The Supreme Court has struck a ground-breaking blow against discrimination in the case of a gay employee whose husband was denied the right to a full survivor’s pension in the event of his death. The Court’s decision to disapply a discriminatory provision of the Equality Act 2010 underlined the primacy of European law.
The man’s employer had informed him that, if he died before his husband, the latter would be entitled to only the statutory minimum pension of £1,000 per year. Had his spouse been a woman, she would have been due a pension of £47,500 per year. The employer argued that that discriminatory treatment was sanctioned by the exception contained within Paragraph 18 of Schedule 9 of the Act.
That provision states that it is lawful to discriminate against an employee who is in a civil partnership or a same-sex marriage by preventing or restricting them from having access to benefits that accrued before 5 December 2005, the date on which civil partnerships were introduced in the UK. The man’s discrimination complaint was upheld by an Employment Tribunal, but that ruling was reversed by the Employment Appeal Tribunal (EAT). The Court of Appeal agreed with the EAT.
In upholding the man’s appeal, and ruling that the husband enjoyed the same right to a survivor’s pension as a wife would have done, the Court disapplied Paragraph 18 on the basis that it was incompatible with EU Directive 2000/78/EC (the Framework Directive), which bans discrimination on various grounds, including sexual orientation.
The Court noted that, although EU law does not impose a duty on member states to recognise same-sex partnerships, the Court of Justice of the European Union (CJEU) has ruled that, if a status equivalent to marriage is available under national law, it is directly discriminatory for an employer to treat a same-sex partner less favourably than an opposite-sex spouse.

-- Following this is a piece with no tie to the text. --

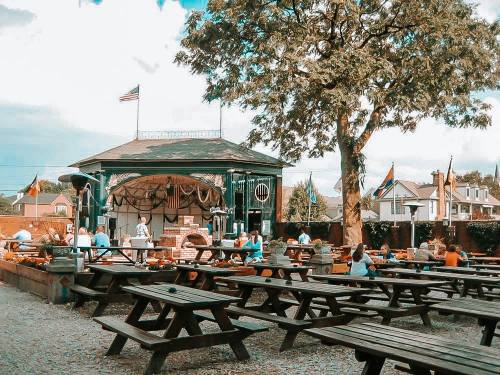 Outdoor venue with picnic tables, a stage, and people enjoying the space under a large tree, with an American flag in the background.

Recent decisions of the CJEU had put the success of the man’s claim beyond doubt. They established that, absent evidence that there would be unacceptable economic or social consequences, there was no reason to treat the man and his husband unequally. The husband was thus entitled to a full survivor’s pension so long as the man pre-deceased him and they remained married on the date of his death. The pension would be calculated on the basis of all the man’s years of service.